Equities: The AI and obesity rally is defying gravity

Equities: The AI and obesity rally is defying gravity

Quarterly Outlook
Peter Garnry

Chief Investment Strategist

Summary:  Amid AI and obesity drug excitement, equities see varied prospects: neutral on overvalued US stocks, negative on Japan due to JPY risks, positive on Europe. European defence stocks gain appeal.


How much can the rubber band be stretched?

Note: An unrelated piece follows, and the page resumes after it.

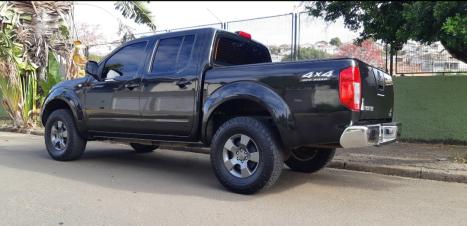 NISSAN Frontier 2.5 XE 4X4 TURBO DIESEL CABINE DUPLA, Foto 4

A benign economic backdrop combined with investor excitement over generative artificial intelligence (AI) and the new class of obesity drugs from Eli Lilly and Novo Nordisk have set in motion a speculative fever. The result is nothing but stunning. In no time, Nvidia has been catapulted to become the third most valuable company in the US worth $2.2trn and Novo Nordisk has become Europe’s most valuable company worth $600bn. Next to these stories there is an entire ecosystem of AI related companies, and obesity and biotechnology companies thriving on this boom in innovation. And not to forget the Magnificent Seven

Excitement always drive greed and extrapolation of expectations to unsustainable levels. This time is no different. As of February 2024, the US equity market hit valuation levels not seen since the dot-com and 2021 technology bubbles. Historically, the current equity valuation has led to low equity returns after subtracting inflation over the subsequent 10 years. Since December 2021, US equities are only up 5.2% and US CPI Index is up 10.6% as of January 2024. With US equities at their current equity valuations it is not the time to get greedy. In fact, investors should think about reducing their US equity exposure. Of course, we could be horribly wrong and the rubber band stretches even further.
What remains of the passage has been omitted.